SUPPLIED RECORDS Start Marker

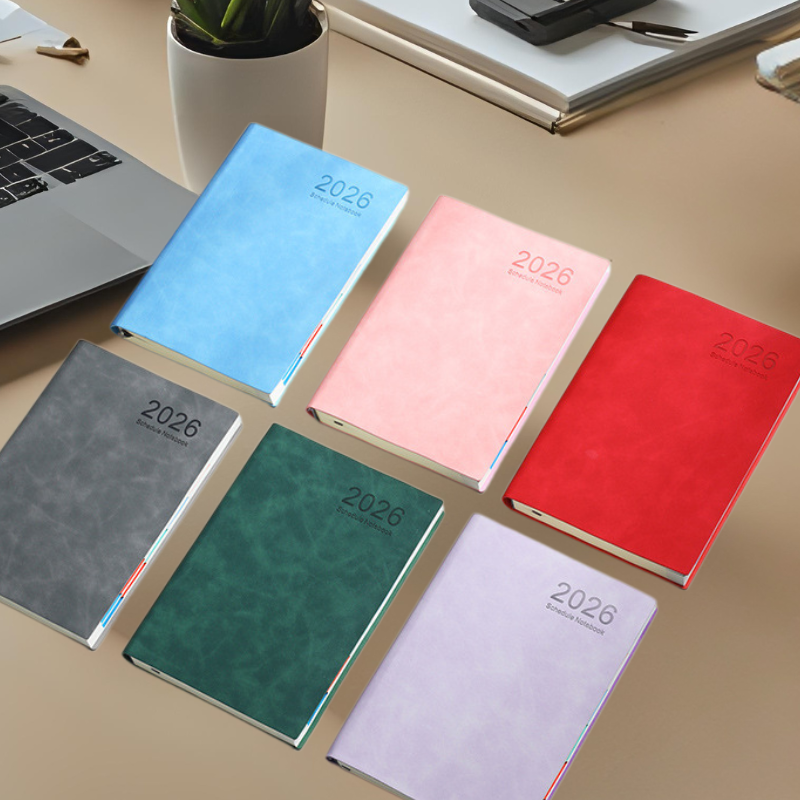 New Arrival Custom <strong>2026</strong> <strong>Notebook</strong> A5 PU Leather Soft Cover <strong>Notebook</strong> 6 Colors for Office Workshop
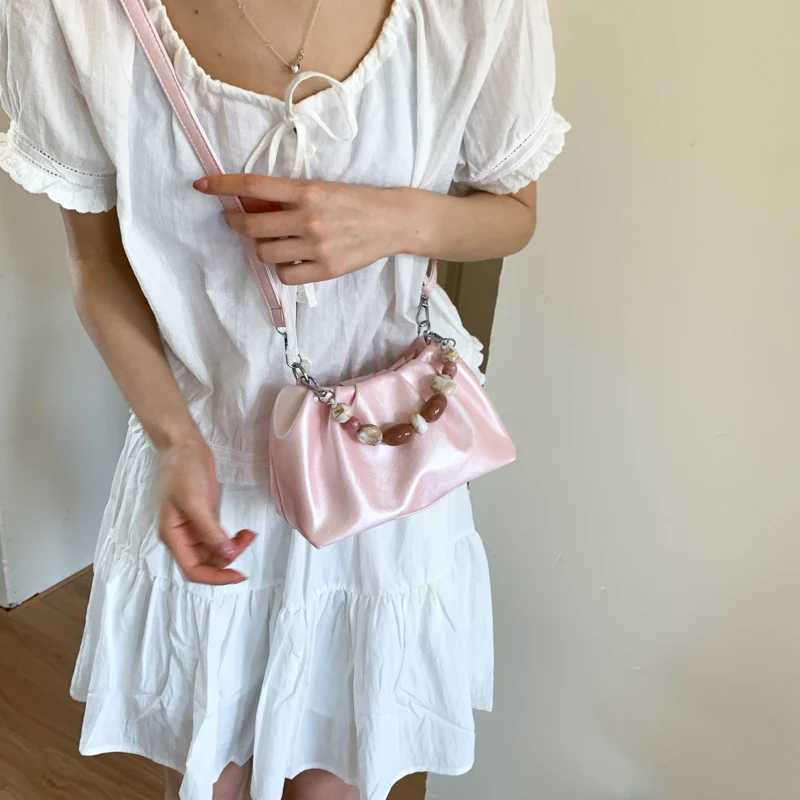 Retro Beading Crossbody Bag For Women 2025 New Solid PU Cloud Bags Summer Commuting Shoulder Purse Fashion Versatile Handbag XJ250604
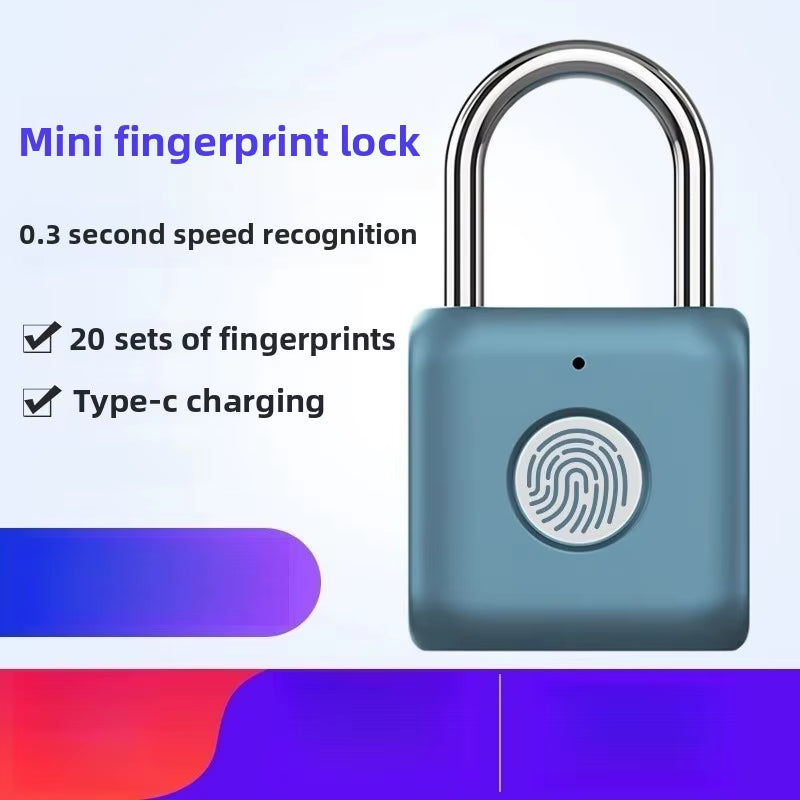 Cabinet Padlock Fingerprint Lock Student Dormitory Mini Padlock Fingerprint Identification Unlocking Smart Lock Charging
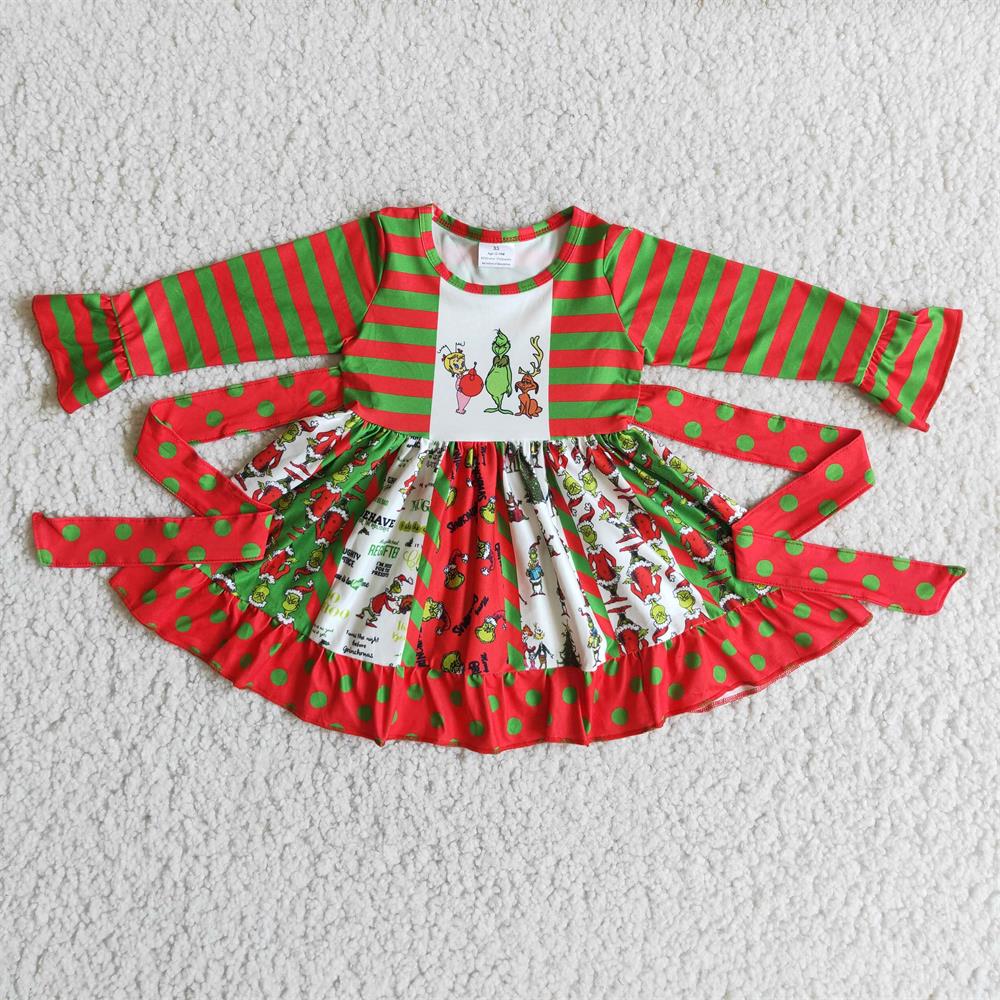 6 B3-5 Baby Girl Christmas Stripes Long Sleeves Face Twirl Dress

SUPPLIED RECORDS End Marker
SUPPLIED RECORDS Start Marker

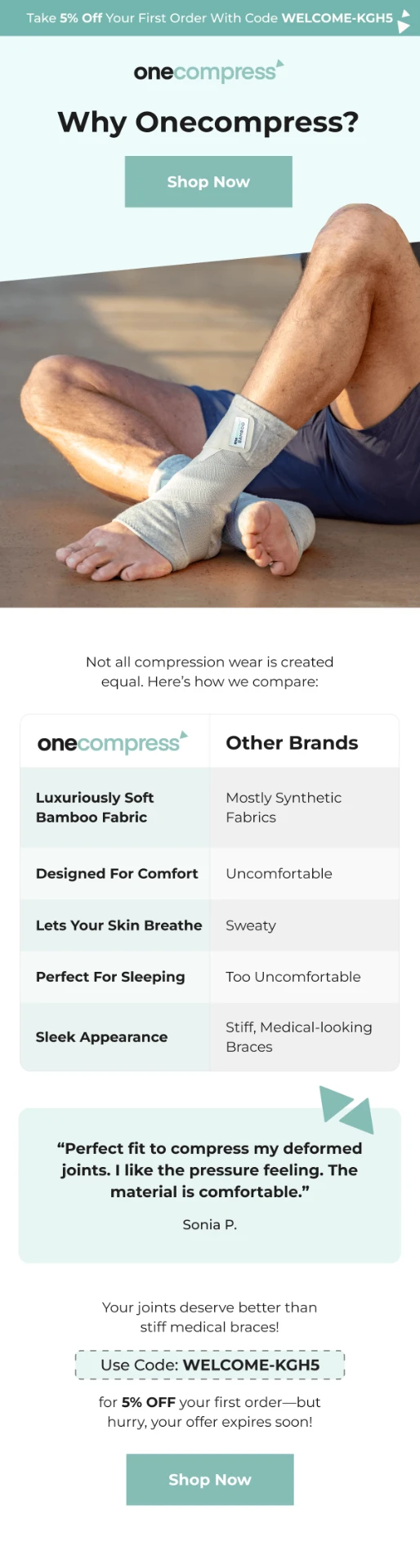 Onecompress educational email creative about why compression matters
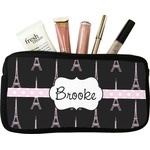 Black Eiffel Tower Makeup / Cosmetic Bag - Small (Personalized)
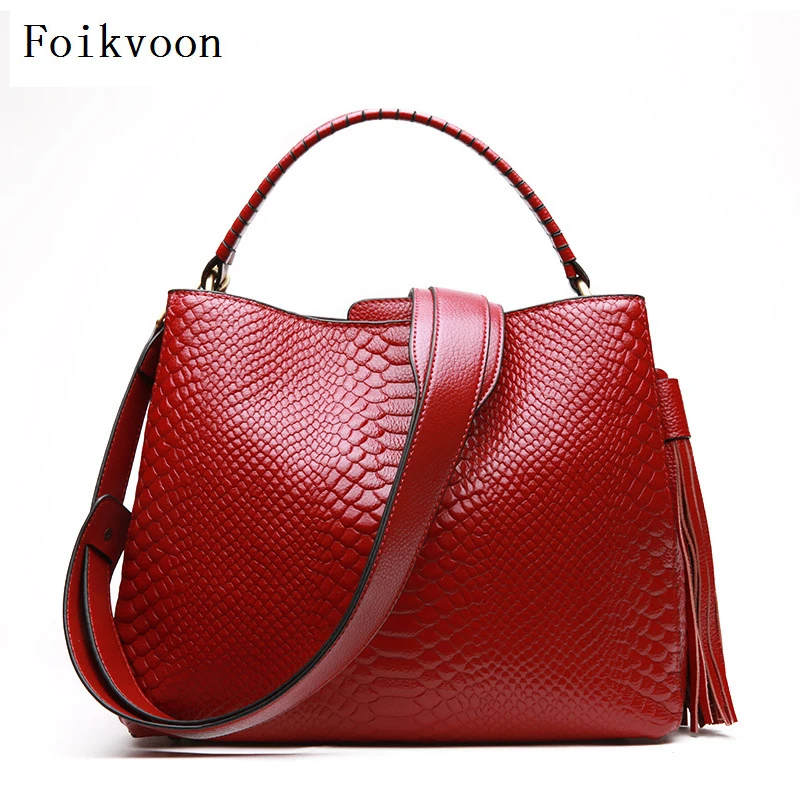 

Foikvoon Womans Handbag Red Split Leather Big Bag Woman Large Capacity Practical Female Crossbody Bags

SUPPLIED RECORDS End Marker

* _TASK STATEMENT_:
Pictures aside, return exactly the lines from the data above, starting at the line that has "Black Eiffel Tower" and ending at the line that has "Foikvoon Womans Handbag", both included.

* _YOUR RESPONSE_:
 Black Eiffel Tower Makeup / Cosmetic Bag - Small (Personalized)

Foikvoon Womans Handbag Red Split Leather Big Bag Woman Large Capacity Practical Female Crossbody Bags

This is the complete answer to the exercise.